→ **Work order**
Among the entries below, only the lines from the one with "Image of Big" through the one with "Hlboká mäkká vanička" are to be retyped, exactly and without pictures.

→ **Exercise data**
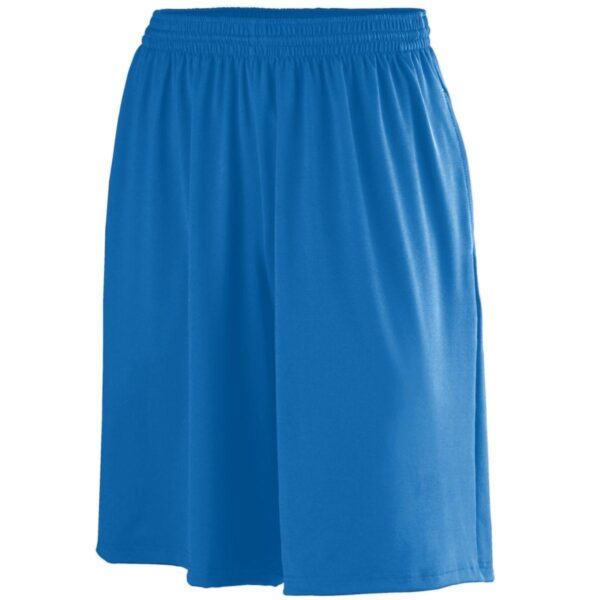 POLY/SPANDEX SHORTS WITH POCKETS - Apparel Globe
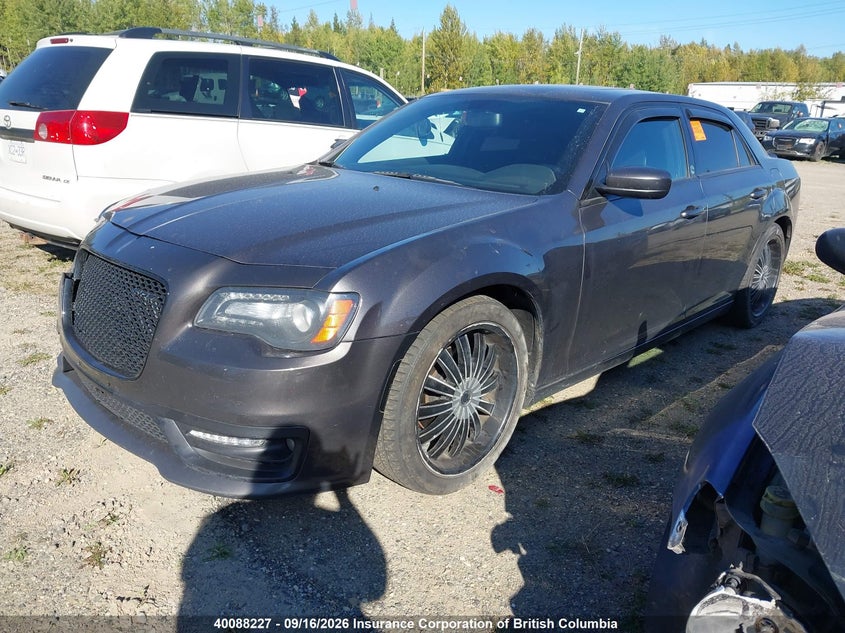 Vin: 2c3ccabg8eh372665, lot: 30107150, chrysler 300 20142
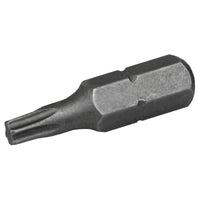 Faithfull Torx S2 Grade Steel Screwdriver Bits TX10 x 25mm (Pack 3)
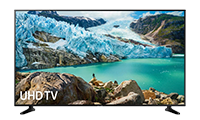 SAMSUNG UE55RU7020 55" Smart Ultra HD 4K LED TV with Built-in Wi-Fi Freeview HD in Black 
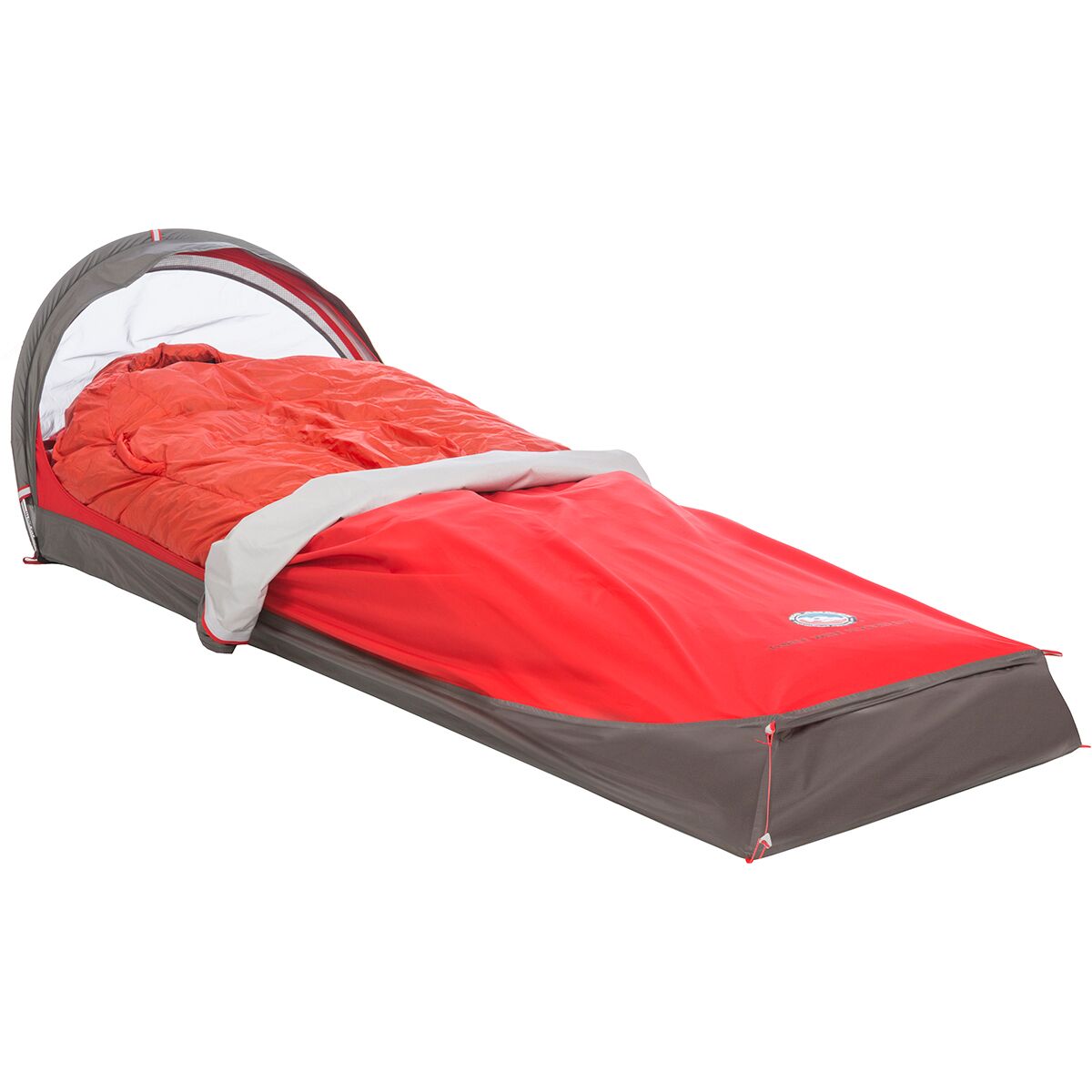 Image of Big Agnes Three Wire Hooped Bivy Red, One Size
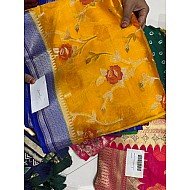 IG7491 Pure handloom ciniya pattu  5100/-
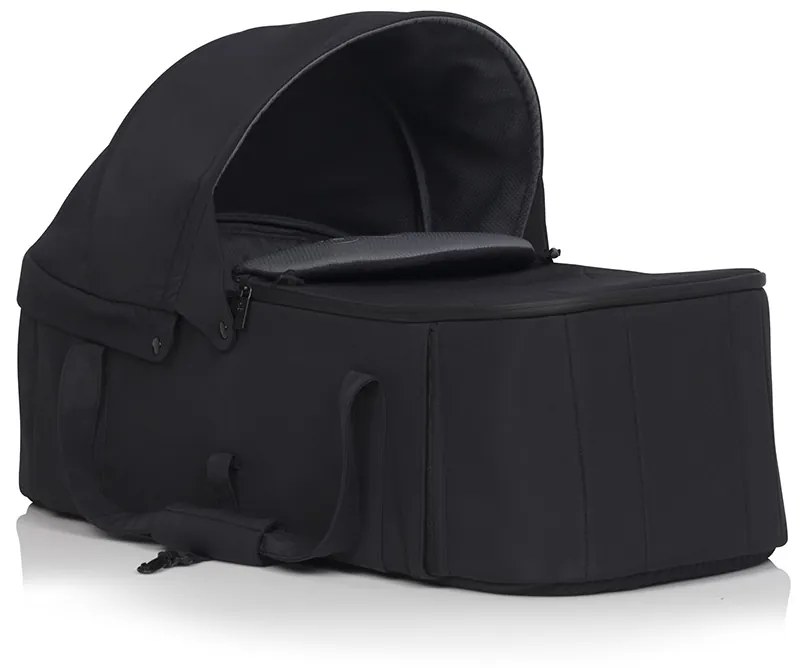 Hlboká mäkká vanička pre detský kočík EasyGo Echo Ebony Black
...
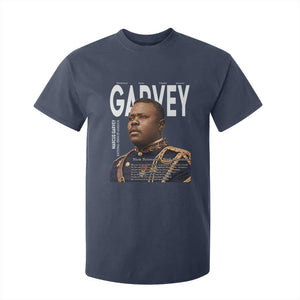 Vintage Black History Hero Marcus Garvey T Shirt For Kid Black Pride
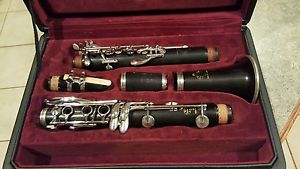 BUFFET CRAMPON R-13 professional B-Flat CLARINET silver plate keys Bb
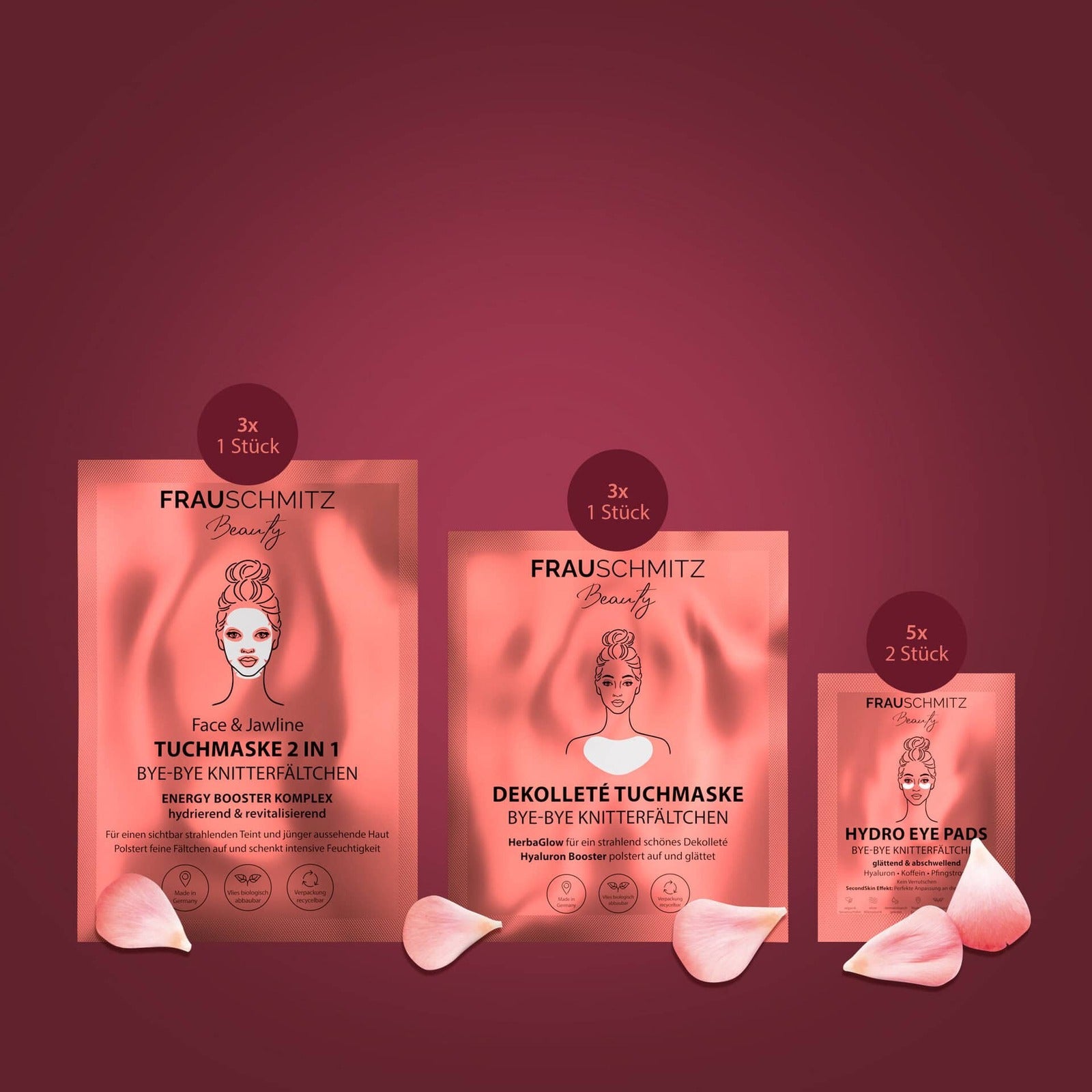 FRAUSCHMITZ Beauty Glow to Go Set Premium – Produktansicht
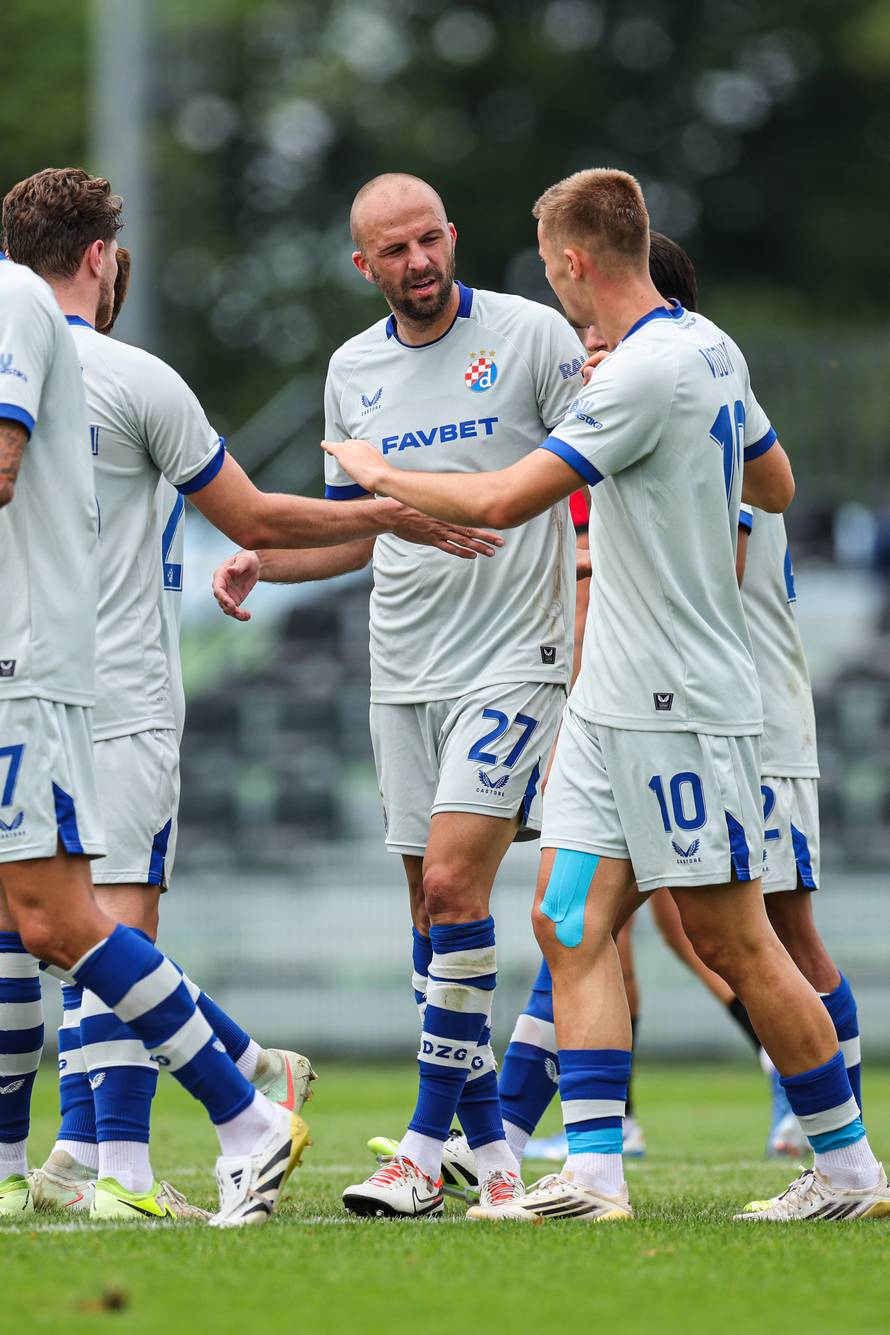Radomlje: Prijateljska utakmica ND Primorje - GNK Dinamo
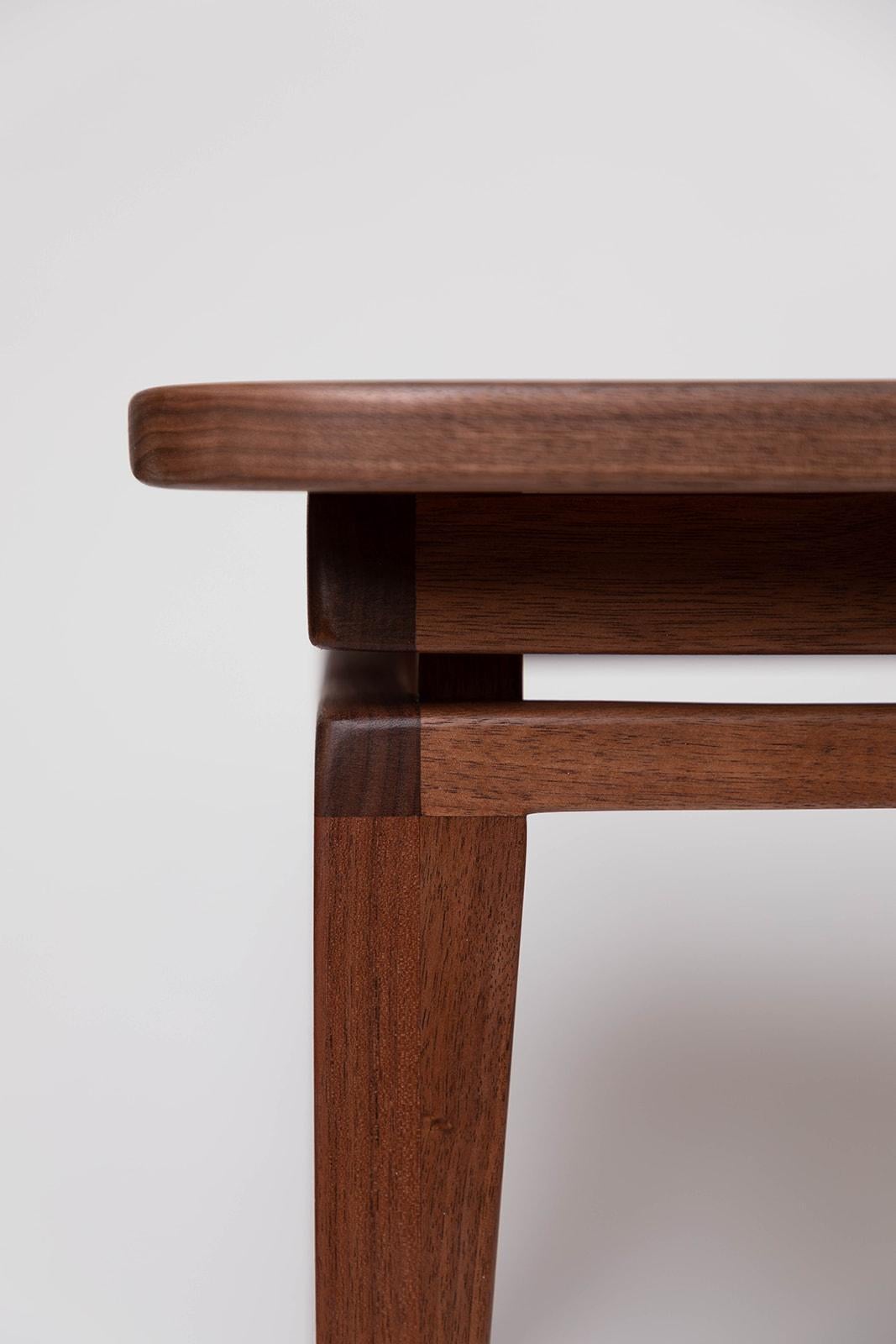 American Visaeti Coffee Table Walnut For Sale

→ **Expected answer**
 Image of Big Agnes Three Wire Hooped Bivy Red, One Size
 IG7491 Pure handloom ciniya pattu  5100/-
 Hlboká mäkká vanička pre detský kočík EasyGo Echo Ebony Black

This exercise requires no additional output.